Work instructions: Write down exactly what lies from the line containing "In Pics: लहसुन" to the end of the records, inclusive, and omit the pictures.

───── Provided data

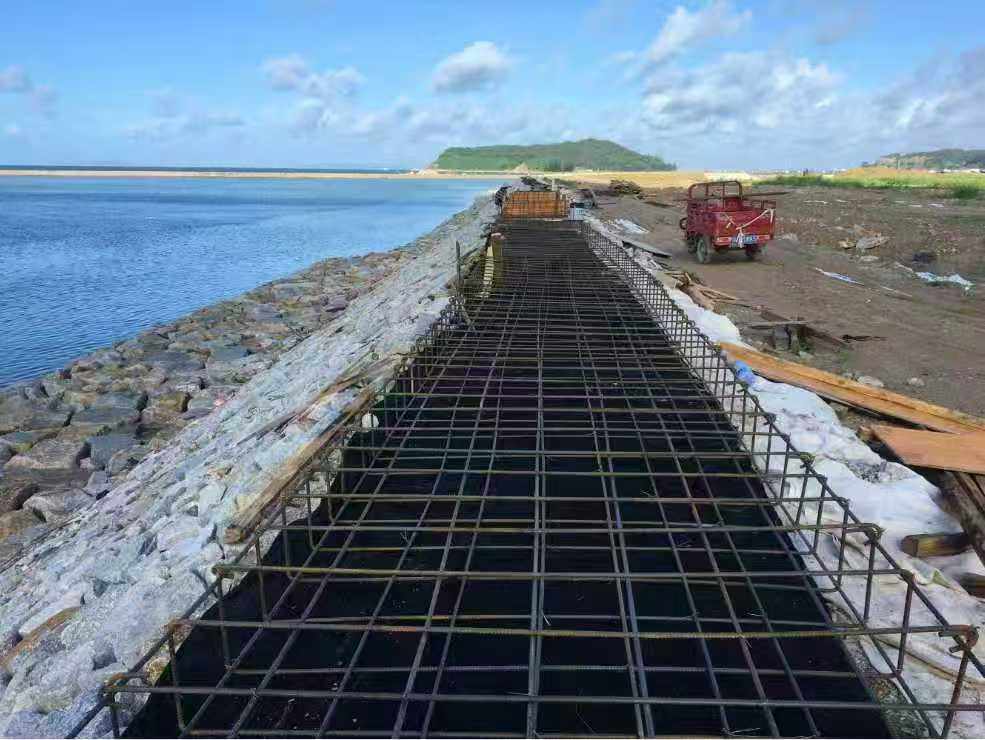 广东精艺建设集团有限公司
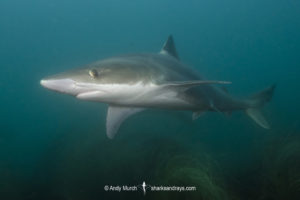 Tope Shark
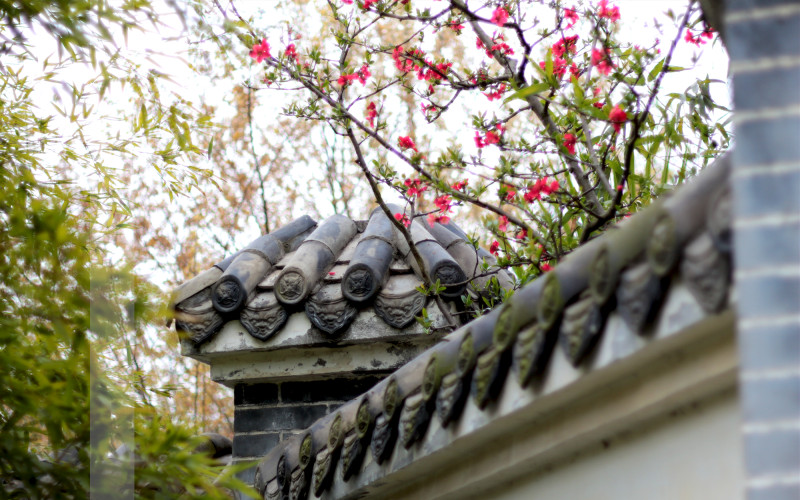 【2023高考參考】四川工程職業(yè)技術(shù)學(xué)院2022年新疆招生專業(yè)及招生計(jì)劃一覽表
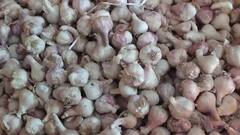 In Pics: लहसुन की कीमतों में भारी उछाल, भाव 500 रुपये किलो होने पर भी किसान क्यों हैं नाखुश?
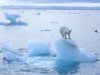 KATASTROFALNE POSLJEDICE ZA ČOVJEČANSTVO: Arktik bi do 2030. mogao ostati bez leda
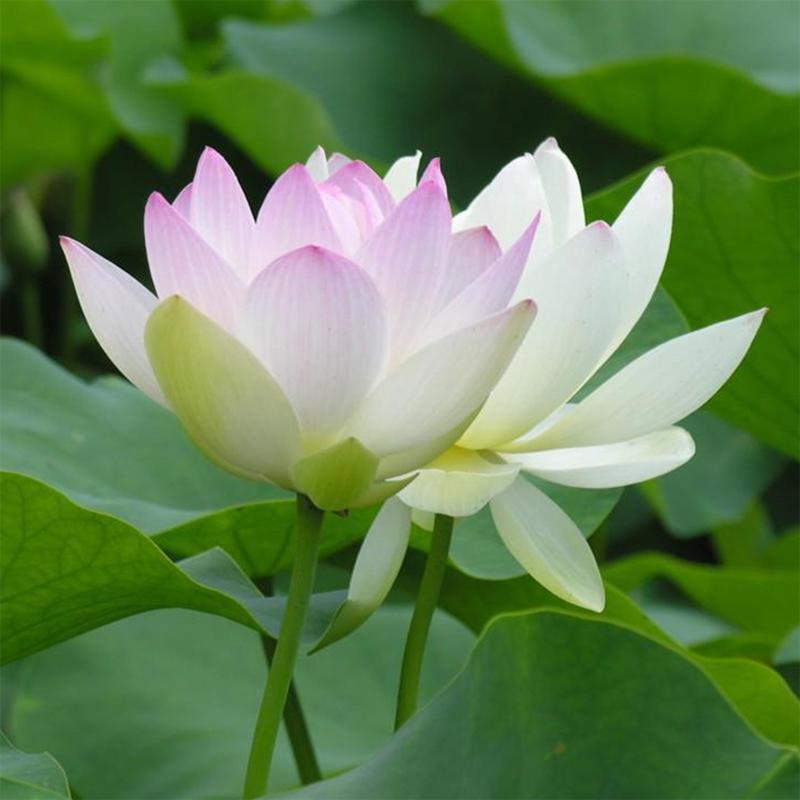Hạt giống hoa Sen nhật mini Mix Golden Seeds 5 Hạt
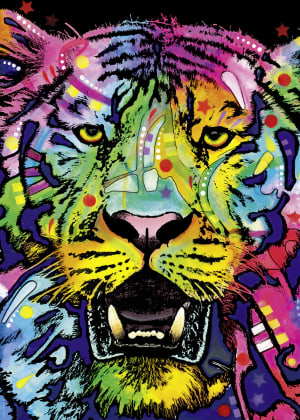 Wild Tiger Big Cats By Heye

──────────

Task response:
 In Pics: लहसुन की कीमतों में भारी उछाल, भाव 500 रुपये किलो होने पर भी किसान क्यों हैं नाखुश?
 KATASTROFALNE POSLJEDICE ZA ČOVJEČANSTVO: Arktik bi do 2030. mogao ostati bez leda
Hạt giống hoa Sen nhật mini Mix Golden Seeds 5 Hạt
 Wild Tiger Big Cats By Heye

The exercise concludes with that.